While Earth’s average surface temperatures have been increasing, the interior of Antarctica has exhibited a unique cooling trend during the austral summer and fall caused by ozone depletion, said Judith Perlwitz of the Cooperative Institute for Research in Environmental Sciences, a joint institute of CU-Boulder and NOAA. “If the successful control of ozone-depleting substances allows for a full recovery of the ozone hole over Antarctica, we may finally see the interior of Antarctica begin to warm with the rest of the world,” Perlwitz said.
Perlwitz is lead author of a new study on the subject to be published April 26 in Geophysical Research Letters. Co-authors include Steven Pawson and Eric Nielson of NASA’s Goddard Space Flight Center in Greenbelt, Md., and Ryan Fogt and William Neff of NOAA’s Earth System Research Laboratory in Boulder. The study was supported by NASA’s Modeling and Analysis Program.
The authors used a NASA supercomputer model that included interactions between the climate and stratospheric ozone chemistry to examine how changes in the ozone hole influence climate and weather near Earth’s surface, said Perlwitz.
The study authors calculated that when stratospheric ozone levels return to near pre-1969 levels by the end of the 21st century, large-scale atmospheric circulation patterns now shielding the Antarctic interior from warmer air masses to the north will begin to break down during the austral summer. The circulation patterns are collectively known as a positive phase of the Southern Annular Mode, or SAM.
The scientists found that as ozone levels recover, the lower stratosphere over the polar region will absorb more harmful ultraviolet radiation from the sun. This could cause air temperatures roughly 6 to 12 miles above Earth’s surface to rise by as much as 16 degrees Fahrenheit, reducing the strong north-south temperature gradient that currently favors the positive phase of SAM, said the research team.

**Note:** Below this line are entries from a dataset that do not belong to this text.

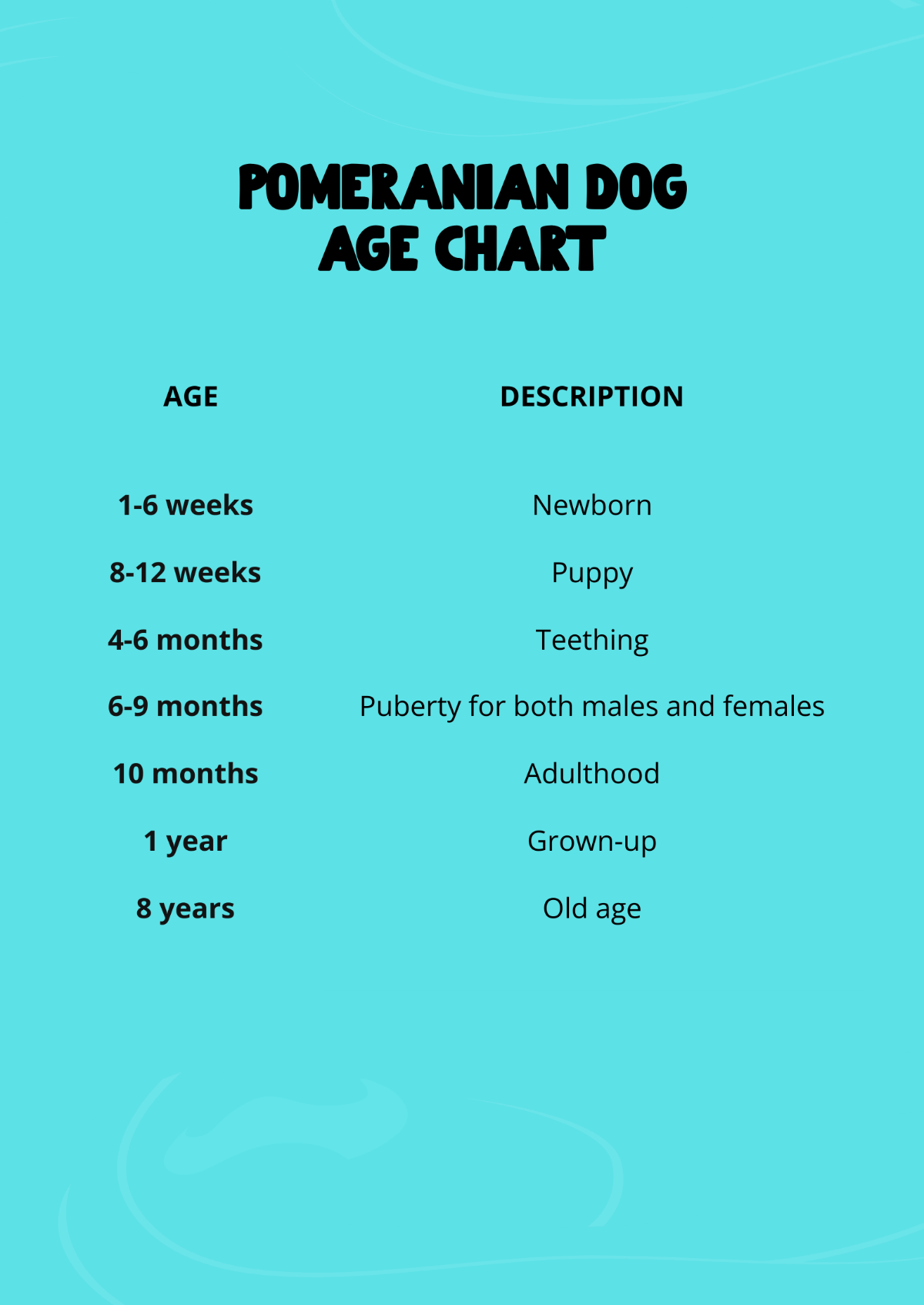 Pomeranian Dog Age Chart Template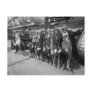 The Tiller Girls, early 1900s Post Cards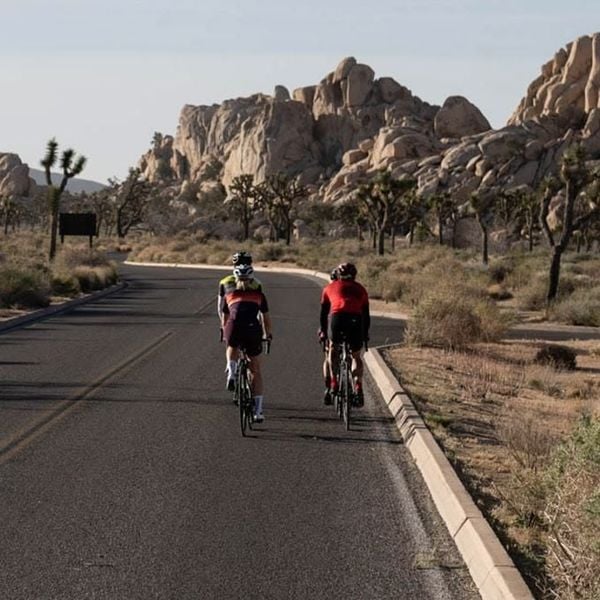 Comp Racer Sock – Cổ thấp 3 inch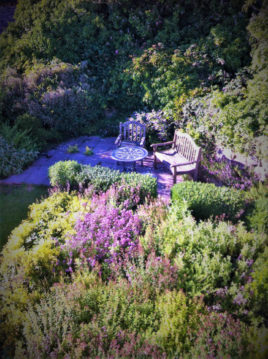 The patio at Plum Cottage Llangennith self-catering Gower Peninsula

The supercomputer modeling effort also indicated that ozone hole recovery would weaken the intense westerly winds that currently whip around Antarctica and block air masses from crossing into the continent’s interior. As a result, Antarctica would no longer be isolated from the warming patterns affecting the rest of the world.
NASA’s Pawson said ozone recovery over Antarctica would essentially reverse summertime climate and atmospheric circulation changes that have been caused by the presence of the ozone hole. “It appears that ozone-induced climate change occurred quickly, over 20 to 30 years, in response to the rapid onset of the ozone hole,” he said. “These seasonal changes will decay more slowly than they built up, since it takes longer to cleanse the stratosphere of ozone-depleting gases than it took for them to build up.”

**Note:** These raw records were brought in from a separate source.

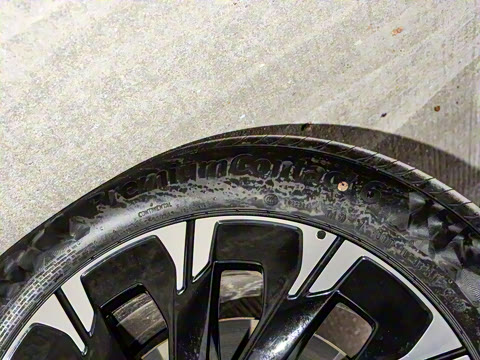 2025�� �������Ȱ�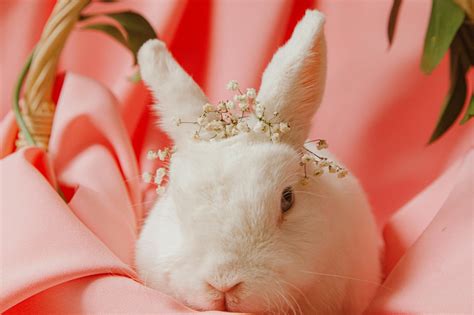 White Rabbit On Pink Textile · Free Stock Photo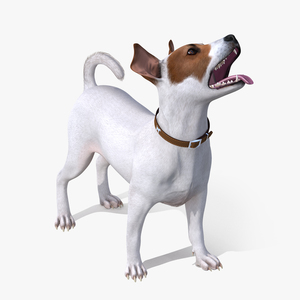 3D White Jack Russell Terrier Waiting Pose Fur model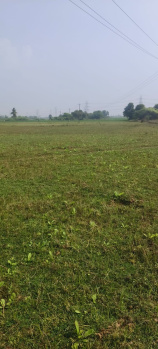 Agricultural/Farm Land for Sale in Yerpedu, Tirupati (50 Acre)
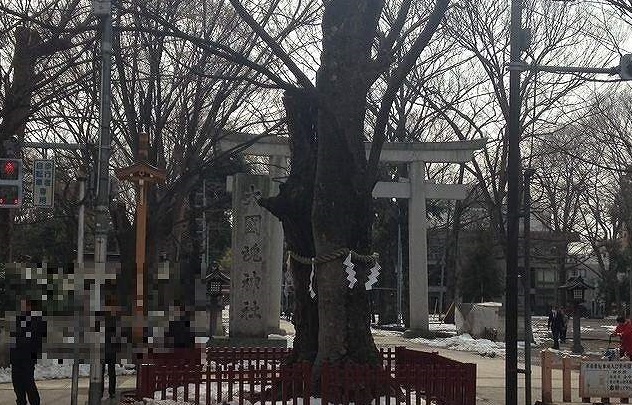 ソレイユ　ブラン その他外観6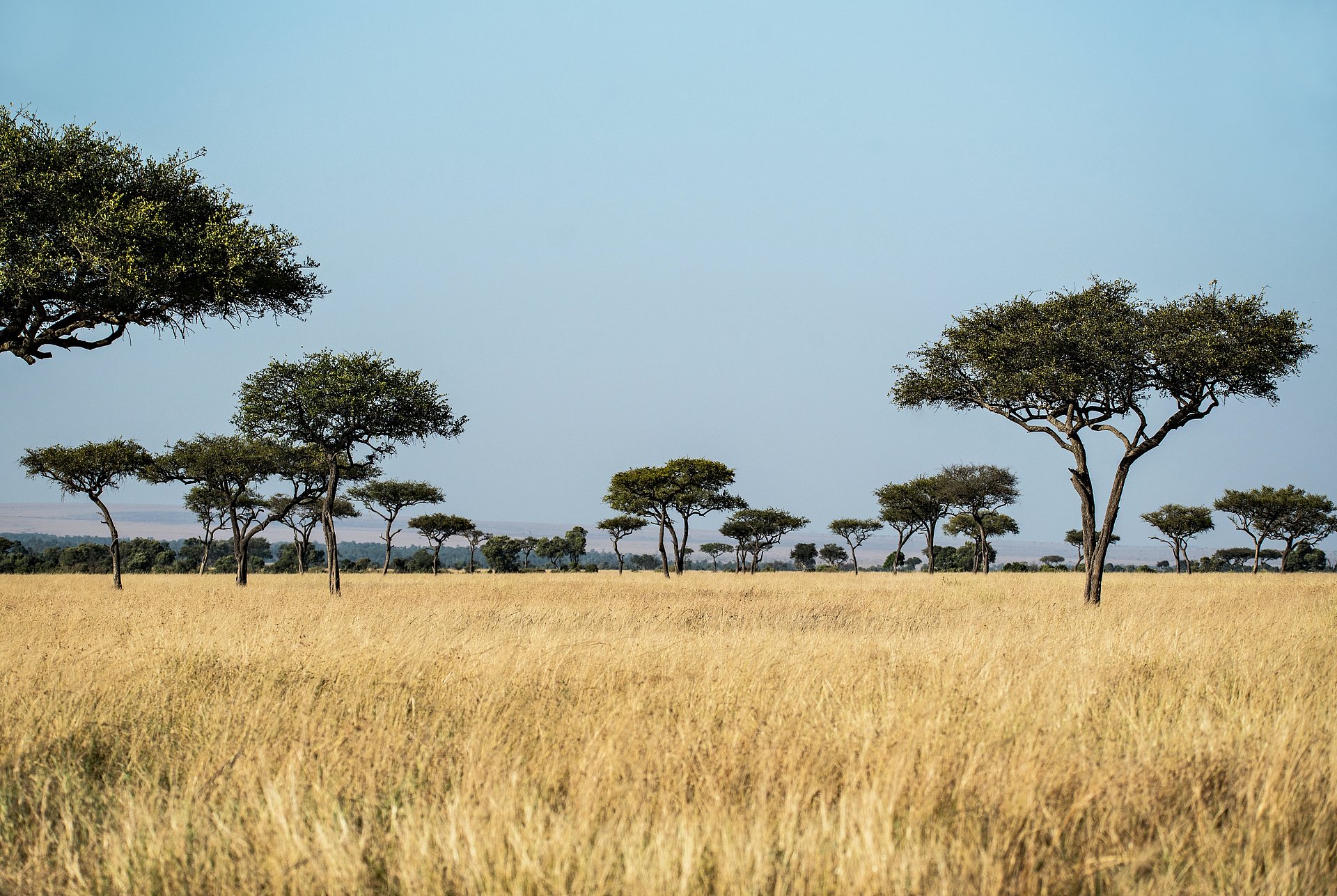 Savanne beim FSJ Afrika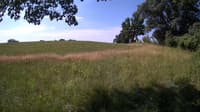 The field cam, Jul 3, 2023 at 8:00am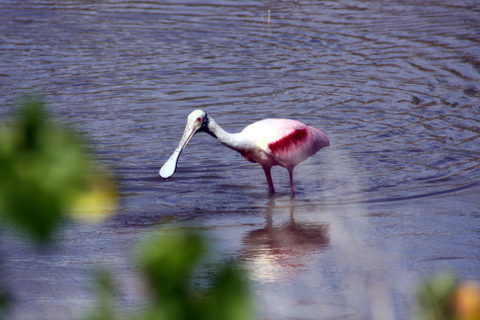 everglades-1-4-2009-11-57-32-am roseatte spoonbill at Eco Pond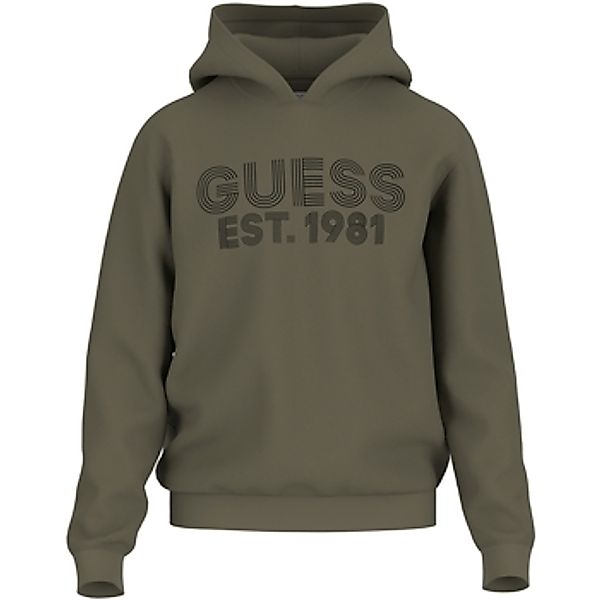 Guess  Sweatshirt Kapuzensweatshirt Hoodie BEAU günstig online kaufen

The seasonal shift in large-scale circulation patterns could have repercussions for Australia and South America as well. Other studies have shown that the positive phase of SAM is associated with cooler temperatures over much of Australia and increased rainfall over Australia’s southeast coastline.

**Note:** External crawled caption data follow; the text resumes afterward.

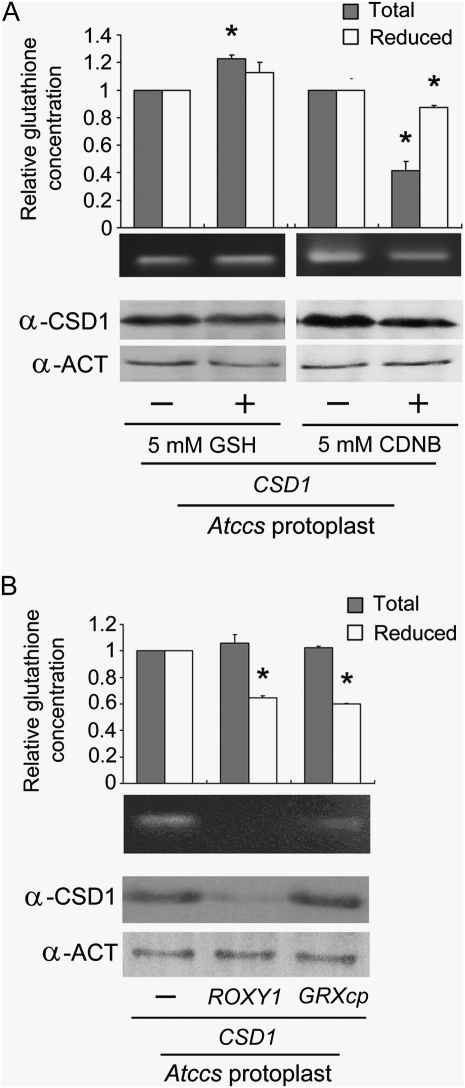 Figure 6.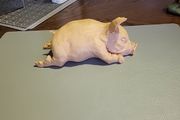 Pig ornament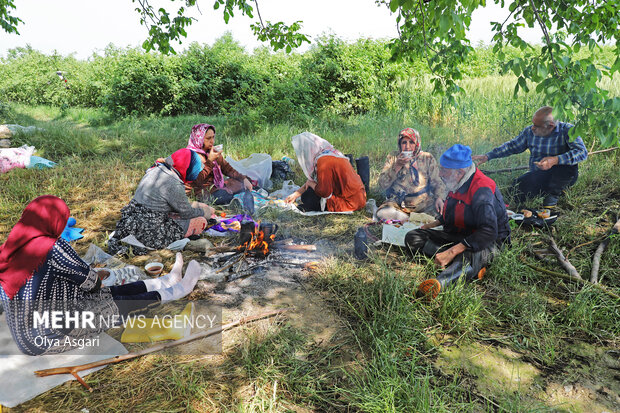 برداشت گل محمدی از مزارع گلستان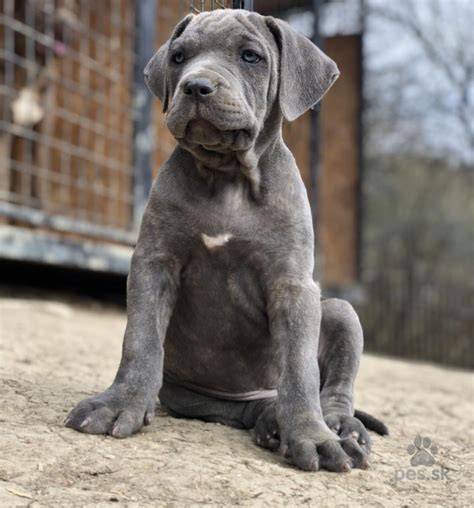 Bandog - vizuálna ukážka impozantného psa s krátkou srsťou a robustnou stavbou tela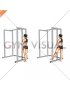 Resistance Band Standing Side Leg Raise (female)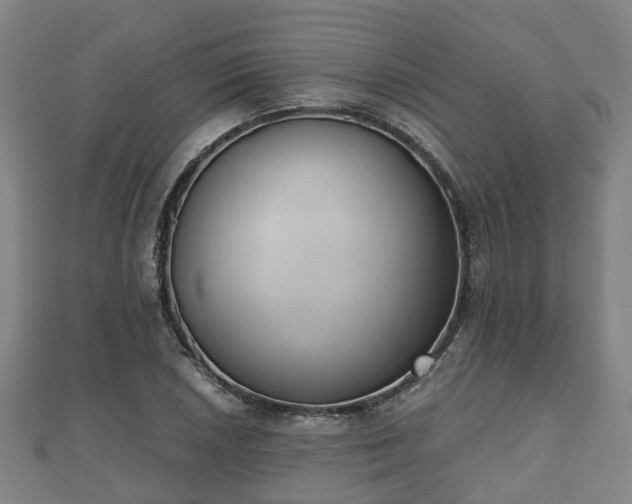 X0000110721026200906191501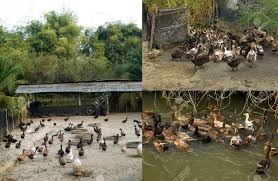 Our vision is to create localized food. Ducks Life In Farm Organic Duck Farm Stock Photo Picture And Royalty Free Image Image 35500516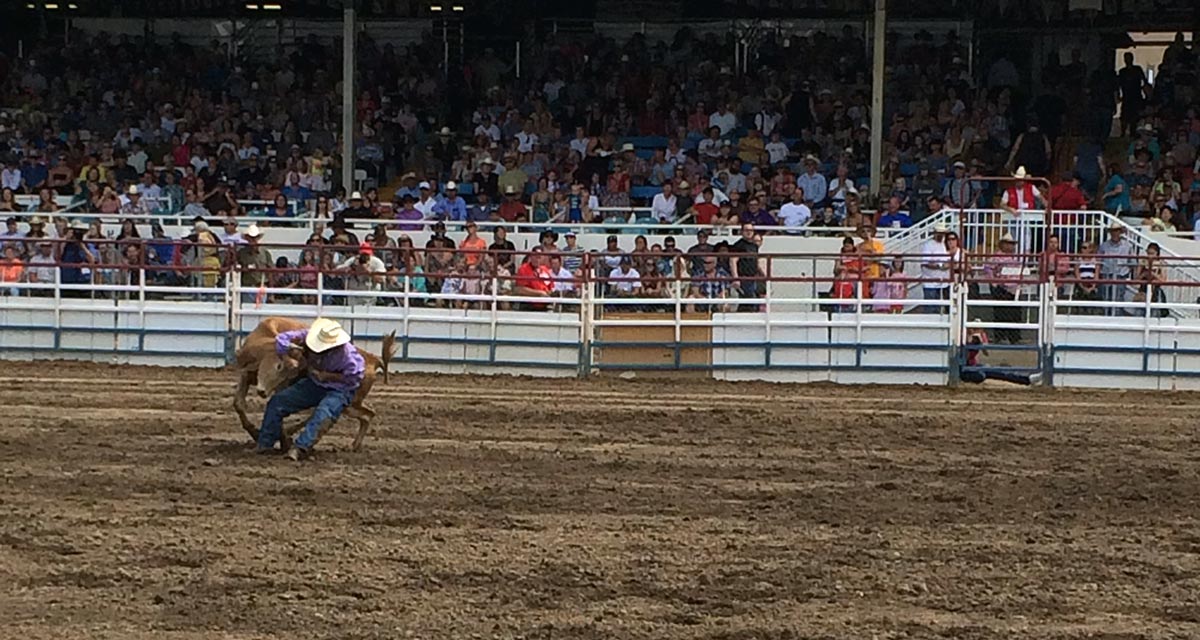 Prescott Frontier Days, World's Oldest Rodeo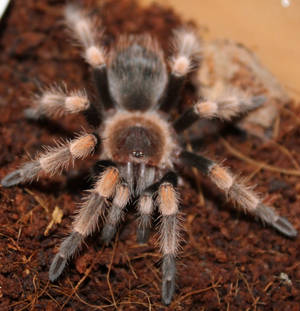 B. smithi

During late spring and early summer, the positive phase of SAM also is associated with drier conditions in South America’s productive agricultural areas like Argentina, Brazil, Uruguay and Paraguay, said Perlwitz. If ozone recovery induces a shift away from a positive SAM, Australia could experience warmer and drier conditions while South America could get wetter, she said.
But just how influential a full stratospheric ozone recovery will be on Southern Hemisphere climate largely depends on the future rate of greenhouse gas emissions, according to the GRL authors. Projected increases in human-emitted greenhouse gases like carbon dioxide will be the main driver for strengthening the positive phase of SAM.
“In running our model simulations, we assumed that greenhouse gases like carbon dioxide would double over the next 40 years and then slowly level off,” said Perlwitz. “If human activities cause more rapid increases in greenhouse gases, or if we continue to produce these gases for a longer period of time, then the positive SAM may dominate year-round and dwarf any climatic effects caused by ozone recovery.”
NASA’s High-End Computing Program provided the Columbia supercomputer resources at the NASA Ames Research Center in Moffett Field, Calif.